Additionally, there's a resurgence of coal-powered generation to compensate for the reduced gas-fired capacity, triggering concerns among insurers due to market volatility and the complexities in assessing exposures.
Global inflationary pressures are elevating energy, commodity, and production costs. This surge, along with a heightened demand for new power generation and transmission infrastructure and lingering supply chain limitations post-COVID-19, is pushing up construction and operational expenses worldwide. Insurers are particularly apprehensive about the sufficiency of insured values, rising claims costs, and the necessity to adjust insurance rates and retentions accordingly.
The shift towards clean energy, through the development of technologies like battery storage, carbon capture, utilization, and storage (CCUS), and green hydrogen production, is at the core of the energy transition. The pace at which different technologies are adopted remains uncertain. Insurance providers find themselves in a challenging position to support this transition without robust historical data to underwrite confidently.
Climate change presents multifaceted challenges. While the human toll of natural disasters is of the utmost concern, the power sector is also facing a plethora of challenges due to extreme and erratic weather conditions. This includes disruptions to the fuel supply chain, diminished water levels affecting hydroelectric plants and cooling processes, reduced wind for turbines, damage to solar installations from storms, and decreased efficiency in gas-fired plants due to high temperatures, all contributing to market volatility.
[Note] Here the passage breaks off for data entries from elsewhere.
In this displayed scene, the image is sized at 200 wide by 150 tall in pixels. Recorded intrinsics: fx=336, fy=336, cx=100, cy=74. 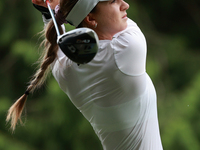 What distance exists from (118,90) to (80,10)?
0.68 feet

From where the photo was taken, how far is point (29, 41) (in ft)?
7.68

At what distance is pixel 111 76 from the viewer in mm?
785

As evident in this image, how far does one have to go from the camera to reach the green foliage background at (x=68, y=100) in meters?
2.17

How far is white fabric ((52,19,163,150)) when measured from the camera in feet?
2.53

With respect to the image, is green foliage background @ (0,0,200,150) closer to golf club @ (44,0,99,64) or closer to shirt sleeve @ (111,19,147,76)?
shirt sleeve @ (111,19,147,76)

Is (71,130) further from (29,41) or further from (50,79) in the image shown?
(29,41)

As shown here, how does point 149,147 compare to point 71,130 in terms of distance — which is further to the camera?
point 71,130

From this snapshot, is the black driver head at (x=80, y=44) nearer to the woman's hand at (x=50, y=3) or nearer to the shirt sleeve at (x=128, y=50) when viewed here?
the shirt sleeve at (x=128, y=50)

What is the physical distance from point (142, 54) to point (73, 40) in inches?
7.4

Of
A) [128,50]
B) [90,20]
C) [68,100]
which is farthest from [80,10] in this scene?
[68,100]

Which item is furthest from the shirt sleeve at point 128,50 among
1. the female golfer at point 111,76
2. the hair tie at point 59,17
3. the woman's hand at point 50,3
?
the woman's hand at point 50,3

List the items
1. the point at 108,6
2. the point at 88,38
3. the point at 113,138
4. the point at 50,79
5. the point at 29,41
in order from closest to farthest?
the point at 88,38
the point at 108,6
the point at 113,138
the point at 50,79
the point at 29,41

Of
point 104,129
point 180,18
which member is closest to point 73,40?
point 104,129

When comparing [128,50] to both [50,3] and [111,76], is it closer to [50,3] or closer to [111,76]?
[111,76] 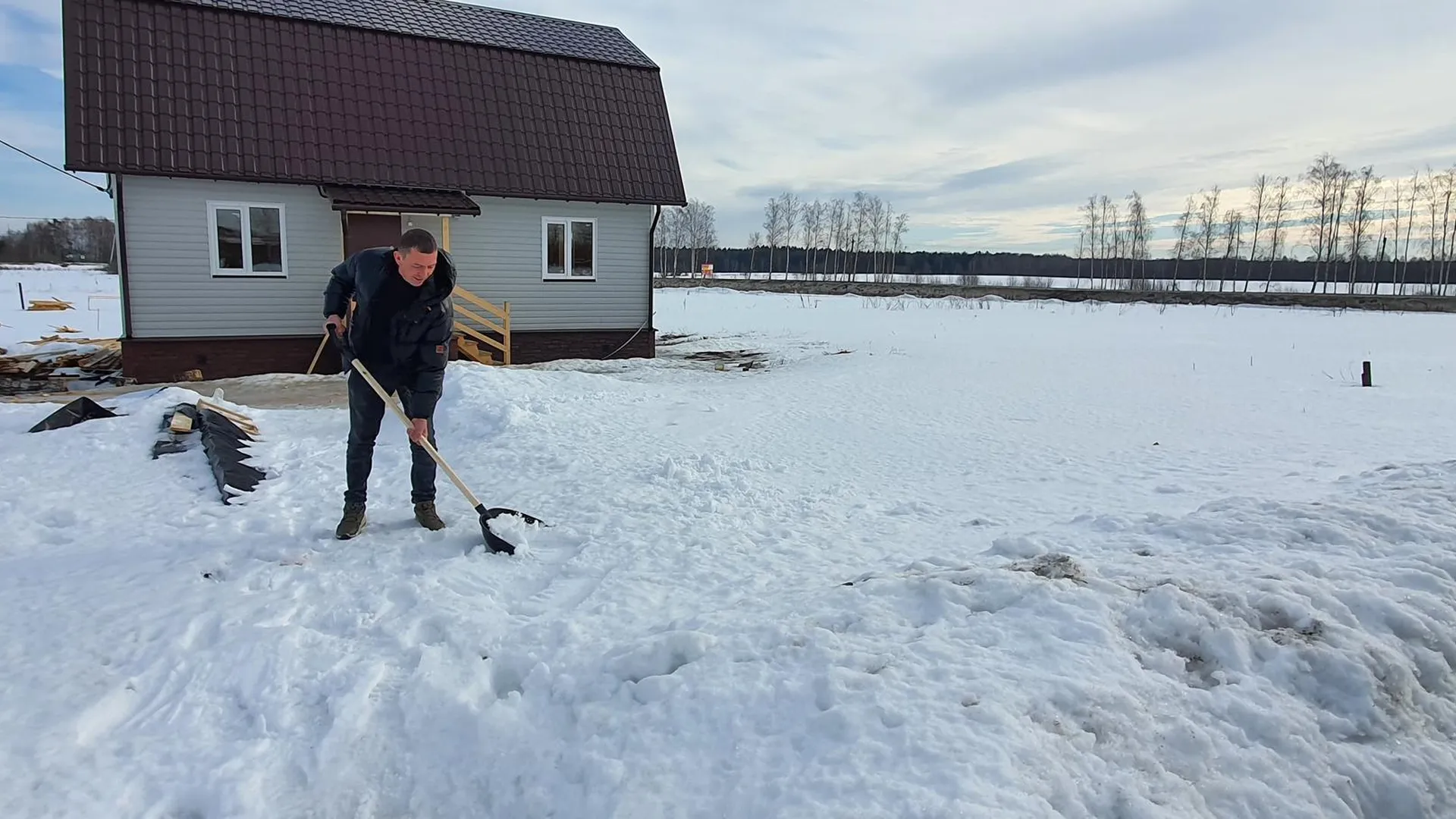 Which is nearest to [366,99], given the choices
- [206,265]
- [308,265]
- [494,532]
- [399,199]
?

“The challenges we reported in 2022 – the Russia-Ukraine conflict, global inflation, energy transition, and climate change – are ever-present,” said Graham Knight, head of global natural resources at WTW. “We’ve seen some positive developments, though. Wholesale gas markets have eased, and supply has shifted away from Russia. There’re signs of global inflation easing as economies respond to higher interest rates, and growing momentum behind the energy transition.”
In other recent developments for the global broker, WTW has announced the launch of its Asia-Pacific Climate Risk Centre (ACRC) in Singapore as part of its commitment to help the region in transitioning to a more resilient and low-carbon economy.